---------- Material for this task

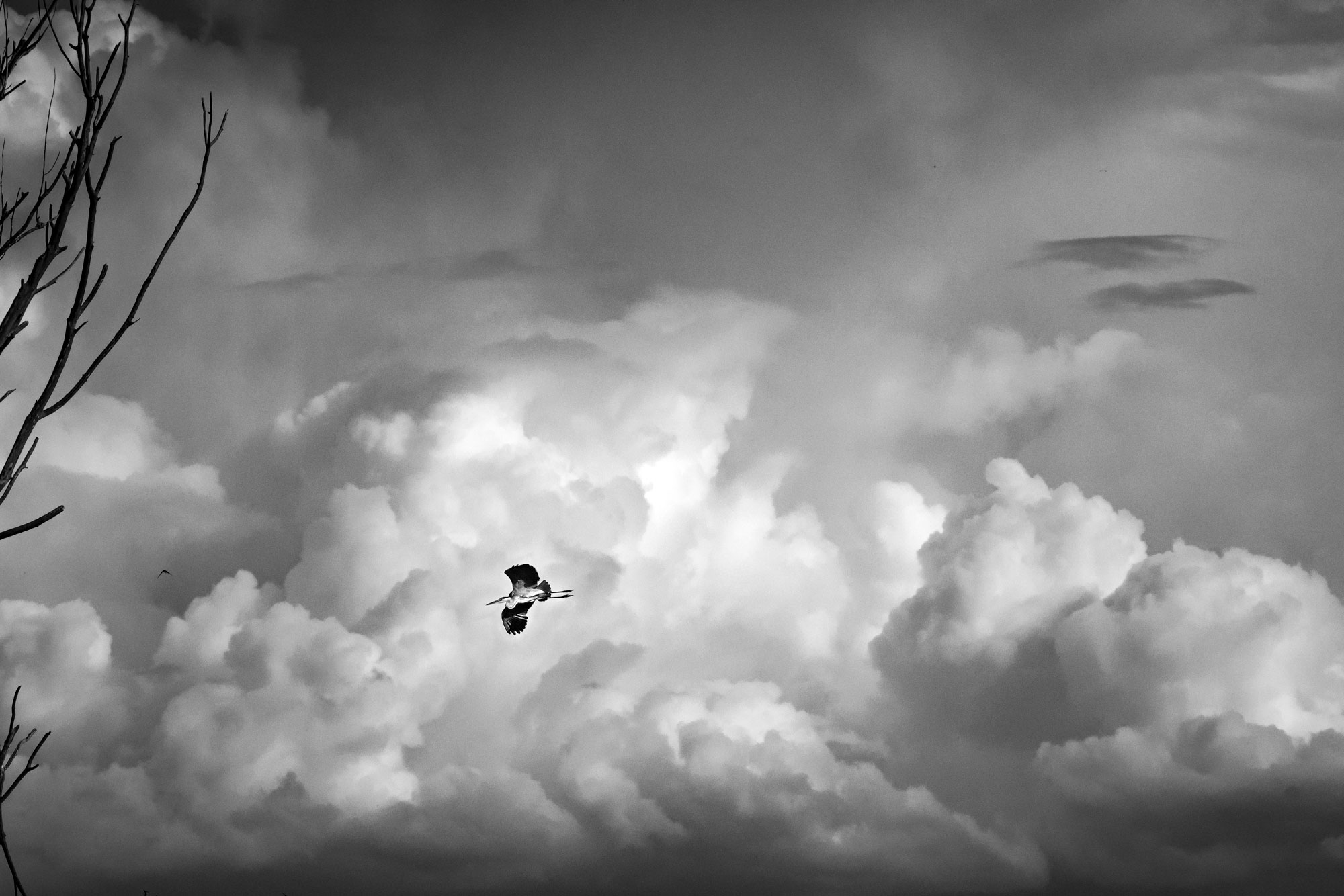 Cinerino ... molto ambientato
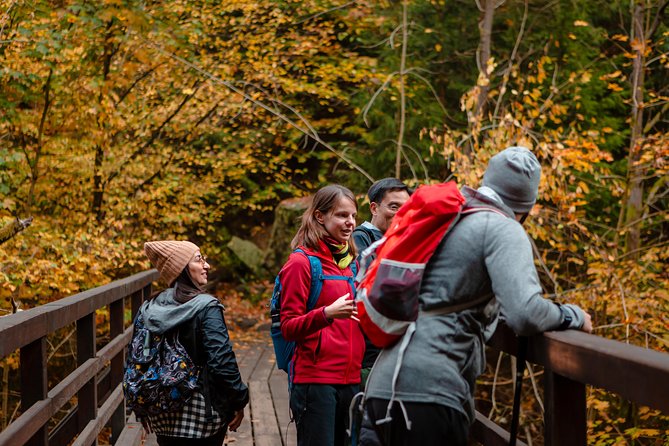 VIP Best Reviews: Bohemian & Saxon Switzerland from Prague - The Kamenice River Gorges
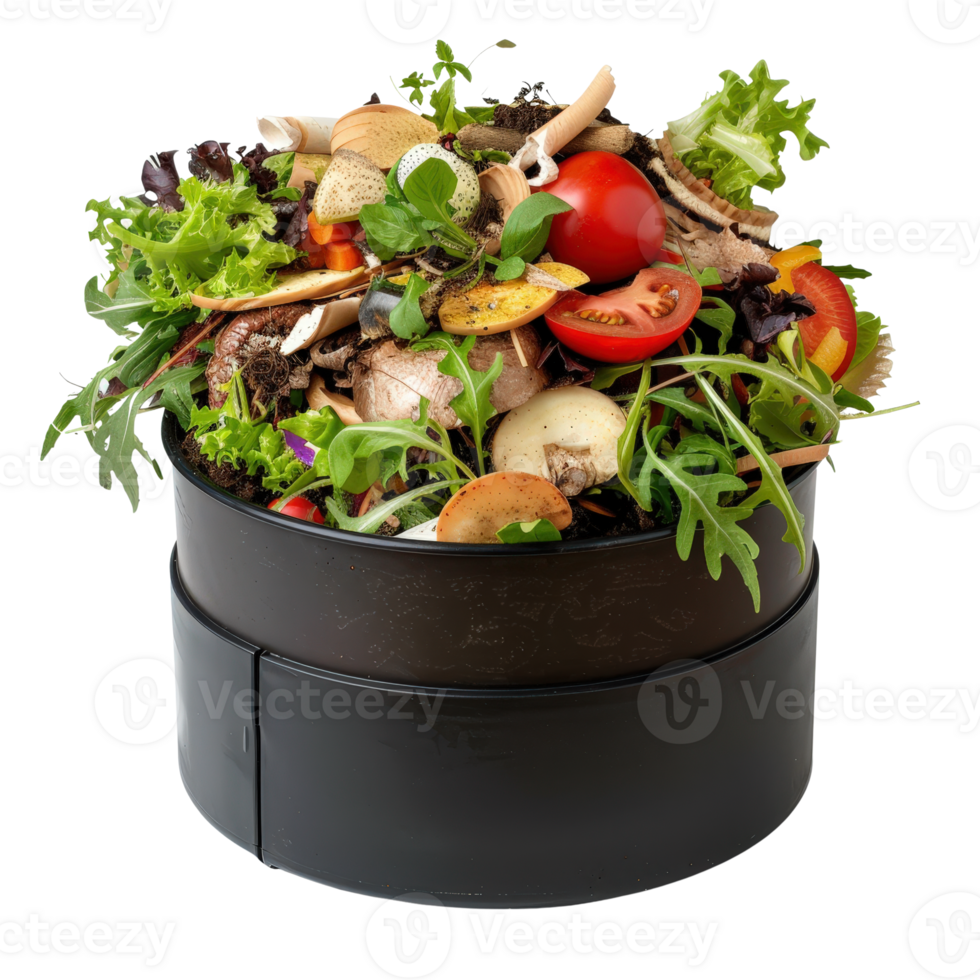 Freshly Prepared Colorful Salad Mix with Leafy Greens, Sliced Vegetables, and Tasty Garnishes png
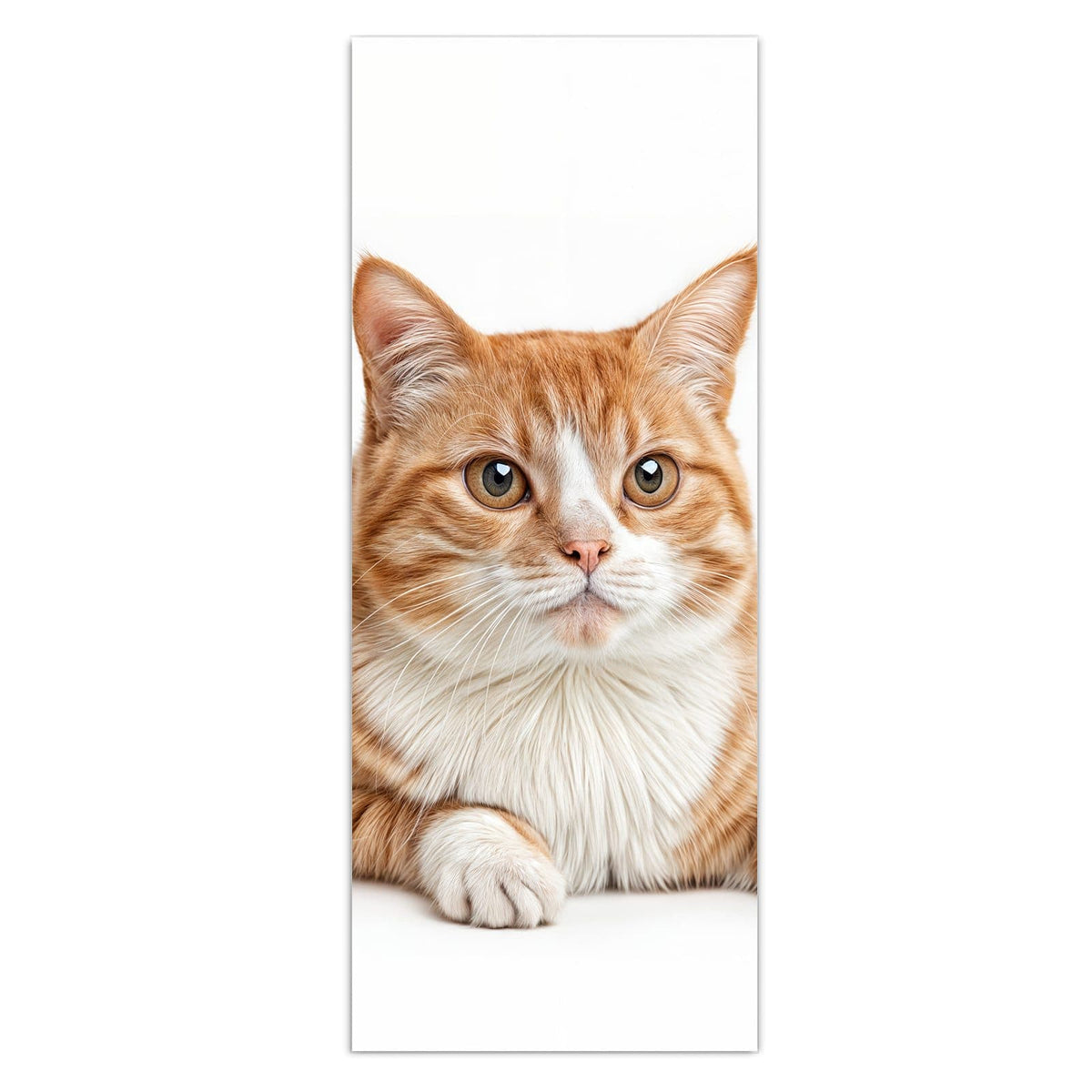 Hellbrauner Zwergspitz mit heraushängender Zunge neben einer orange-weißen Katze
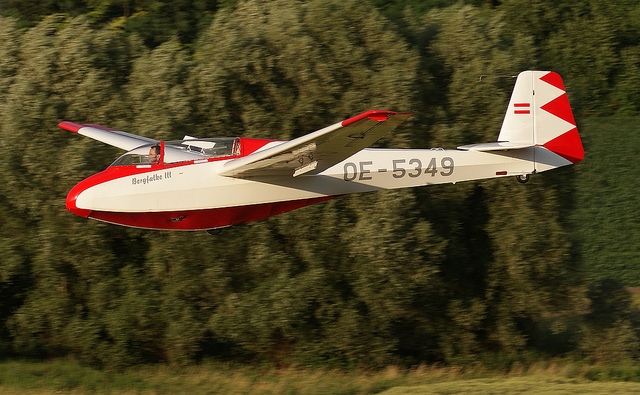 5962611046_7876ebf665_z.jpg
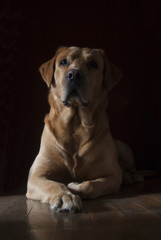 Portrait of golden labrador isolated on black 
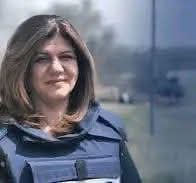 محمد🇩🇿دالي tweet media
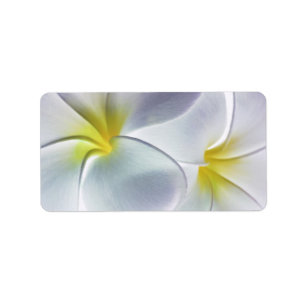 PlumeriaFrangipaniHawaii blomma skräddarsy tomt Adressetikett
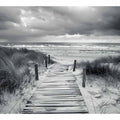 Beach Path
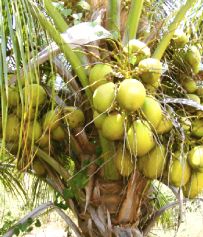 Coconut Seedlings 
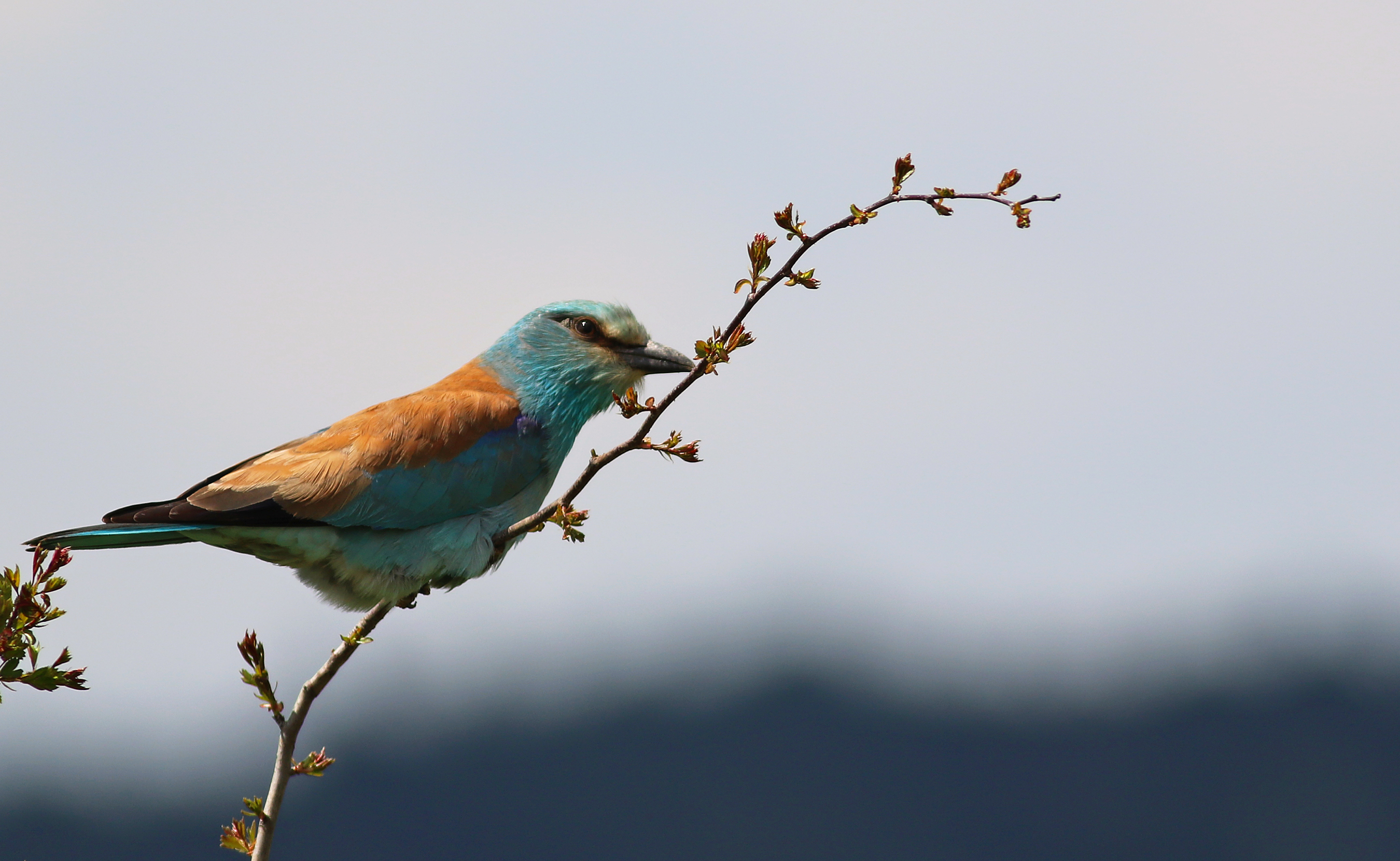 European Roller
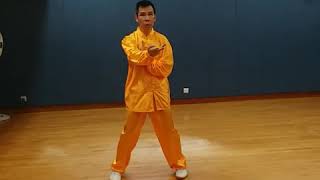 Finally understand that foreigners have to learn chinese martial art.(葉形菲)老師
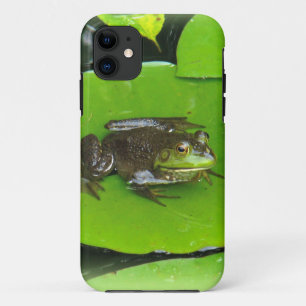Bullfrog auf Lilypads iPhone 11 Hülle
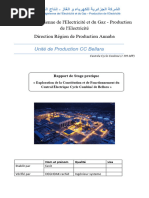 FINAL Rapport de Stage 2023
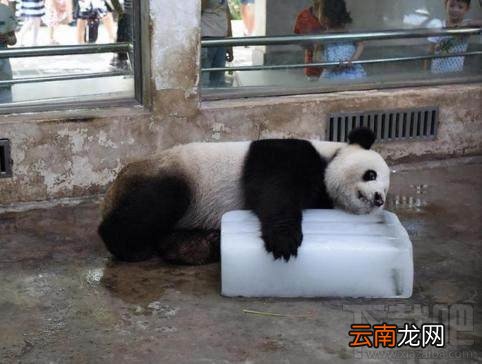 我的命是这冰块给的什么梗 我的命是这冰块给的表情包分享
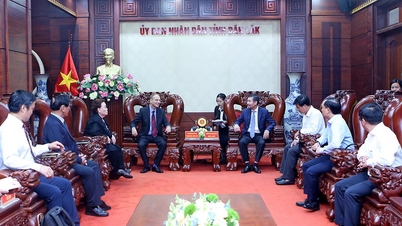 Provincial People's Committee received and worked with a delegation of Israeli experts and scientists in the field of high technology.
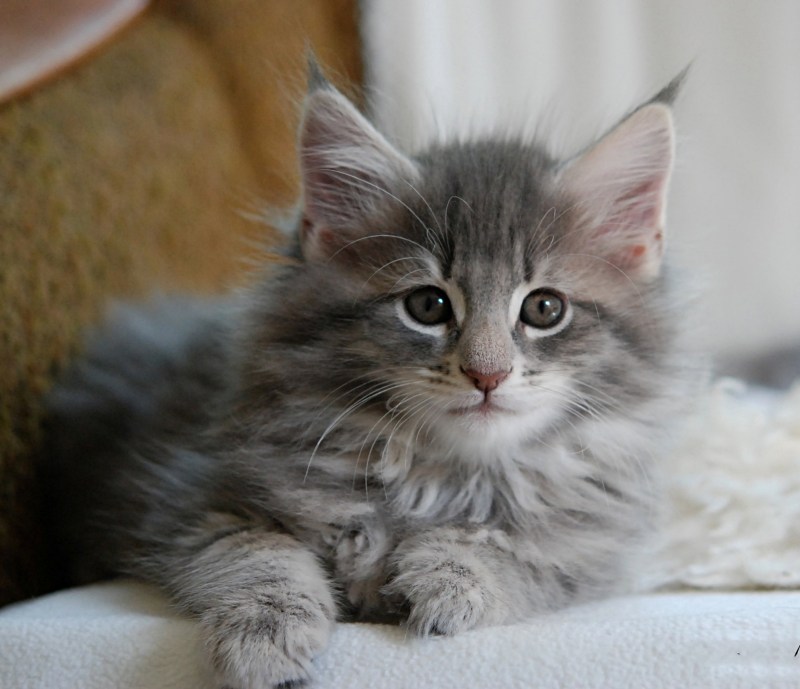 Норвежская Лесная кошка котята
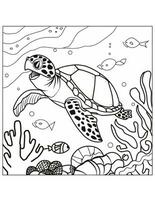 coloring book for kids sea turtle swimming in water photo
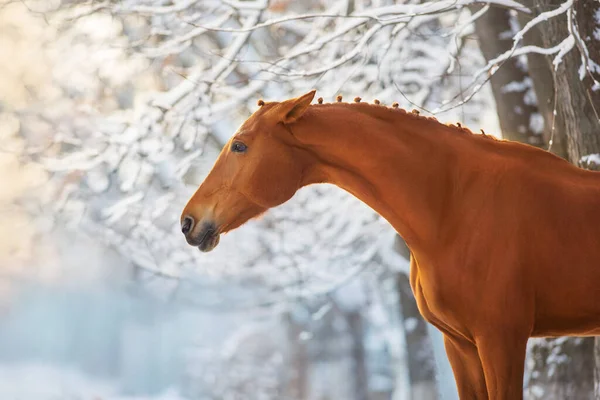 Red Horse Zimě Zasněžené Lesní Krajiny Při Západu Slunce Uši — Stock fotografie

--------------------

Of the records above, print only the lines from the one containing "VIP Best Reviews: Bohemian" through the one containing "5962611046_7876ebf665_z.jpg", inclusive and unaltered, leaving out pictures.

 VIP Best Reviews: Bohemian & Saxon Switzerland from Prague - The Kamenice River Gorges
 Freshly Prepared Colorful Salad Mix with Leafy Greens, Sliced Vegetables, and Tasty Garnishes png
 Hellbrauner Zwergspitz mit heraushängender Zunge neben einer orange-weißen Katze
 5962611046_7876ebf665_z.jpg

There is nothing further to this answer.